ASSIGNMENT: Please output exactly the lines below, starting at the line that has "We appreciate your" and ending at the line that has "车标上有3是什么车品牌(带三的车标大全)", both included; leave out all pictures and include nothing else.

DATA EXTRACTS:

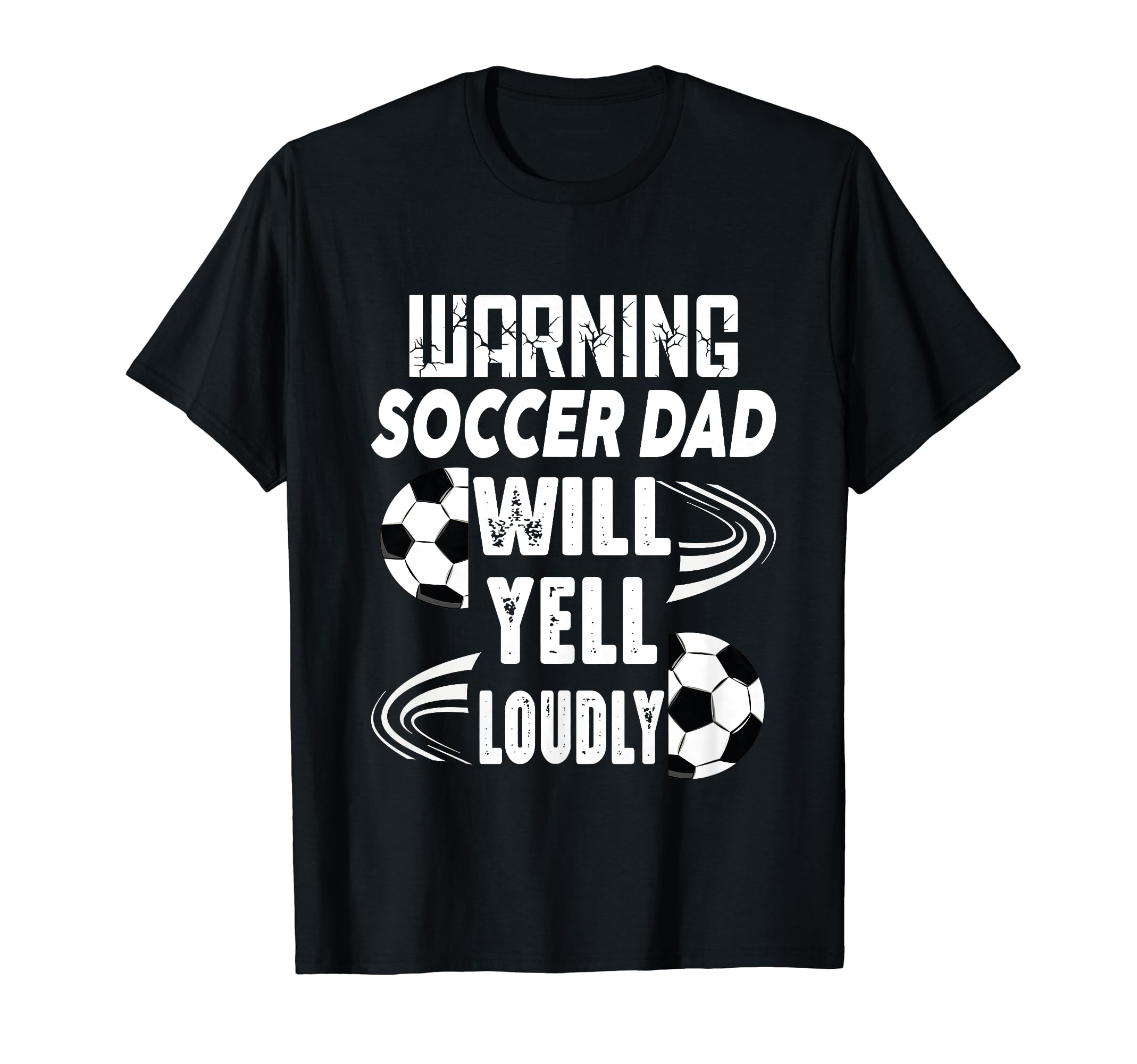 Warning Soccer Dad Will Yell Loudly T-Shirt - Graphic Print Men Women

--

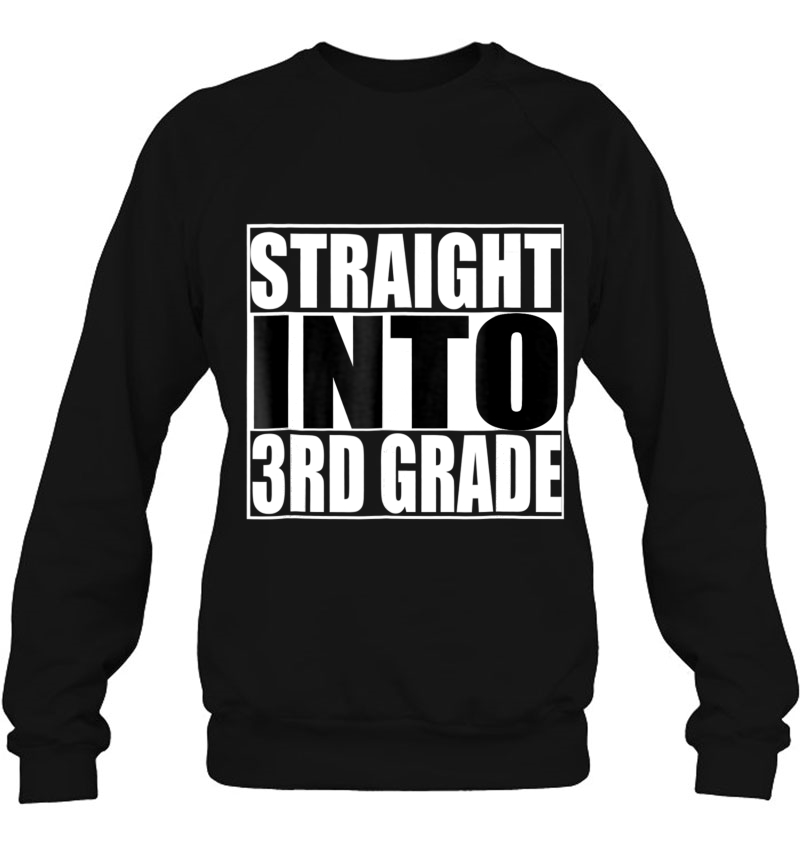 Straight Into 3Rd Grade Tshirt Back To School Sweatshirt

* * *

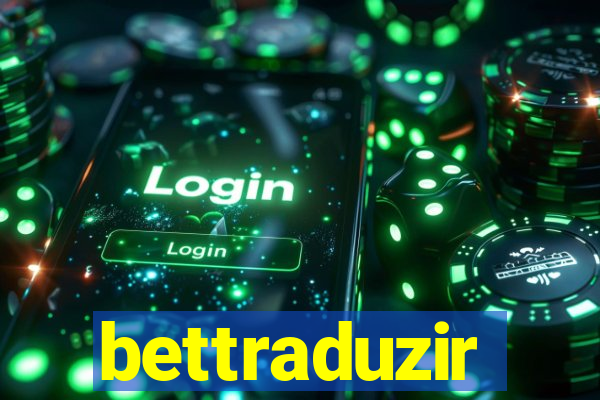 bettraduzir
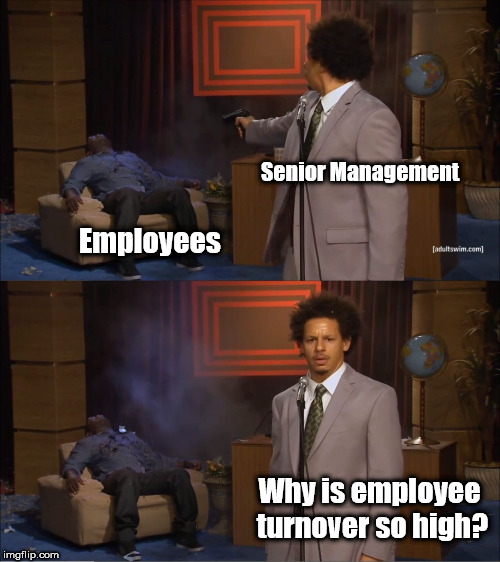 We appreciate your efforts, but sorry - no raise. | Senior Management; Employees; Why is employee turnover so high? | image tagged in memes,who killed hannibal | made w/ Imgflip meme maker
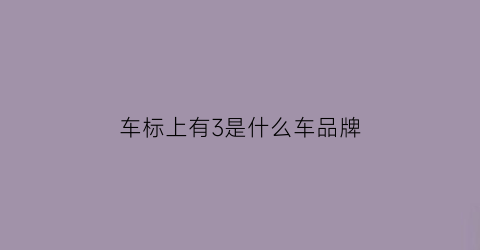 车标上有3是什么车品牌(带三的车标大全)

RESPONSE TO THE TASK:
 We appreciate your efforts, but sorry - no raise. | Senior Management; Employees; Why is employee turnover so high? | image tagged in memes,who killed hannibal | made w/ Imgflip meme maker
 车标上有3是什么车品牌(带三的车标大全)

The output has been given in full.